Kehadiran kedua sistem persenjataan itu menunjukkan kemampuan Artileri Medan Kostrad dalam memberikan dukungan tembakan yang saling melengkapi, mulai dari sasaran jarak dekat hingga jarak jauh. Integrasi kemampuan tersebut menjadi salah satu elemen penting dalam mendukung keberhasilan operasi gabungan TNI di berbagai medan penugasan.
Latihan menembak di Ambal merupakan bagian dari tahapan pembinaan kemampuan sebelum unsur-unsur TNI mengikuti Latihan Terintegrasi TNI di Dabo Singkep, Kepulauan Riau. Melalui kegiatan ini, setiap satuan mengasah profesionalisme, meningkatkan koordinasi lintas matra, serta memastikan kesiapan personel dan alat utama sistem persenjataan (alutsista) agar mampu beroperasi secara terpadu dalam satu komando operasi.
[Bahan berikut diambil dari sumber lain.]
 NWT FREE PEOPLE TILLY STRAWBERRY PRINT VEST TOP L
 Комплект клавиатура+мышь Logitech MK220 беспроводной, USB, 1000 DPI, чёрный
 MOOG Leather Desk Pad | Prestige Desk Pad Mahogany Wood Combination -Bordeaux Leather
Panglima Divisi Infanteri 2 Kostrad, Mayjen TNI Primadi Saiful Sulun, meninjau langsung jalannya latihan guna memastikan seluruh rangkaian kegiatan berlangsung sesuai prosedur, mengedepankan faktor keselamatan personel, serta mencapai sasaran latihan yang telah ditetapkan.
Menurut Pangdivif 2 Kostrad, latihan yang dilaksanakan secara bertahap, bertingkat, dan berlanjut merupakan fondasi penting dalam membangun kemampuan tempur satuan. Sinergi antarmatra menjadi kunci agar setiap unsur TNI mampu bertindak secara terpadu dalam menghadapi berbagai spektrum ancaman terhadap kedaulatan negara.
“Latihan adalah investasi kesiapan. Prajurit yang terlatih dan alutsista yang siap merupakan bagian penting dalam melaksanakan tugas menjaga keutuhan serta kedaulatan Negara Kesatuan Republik Indonesia,” tegas Mayjen TNI Primadi Saiful Sulun.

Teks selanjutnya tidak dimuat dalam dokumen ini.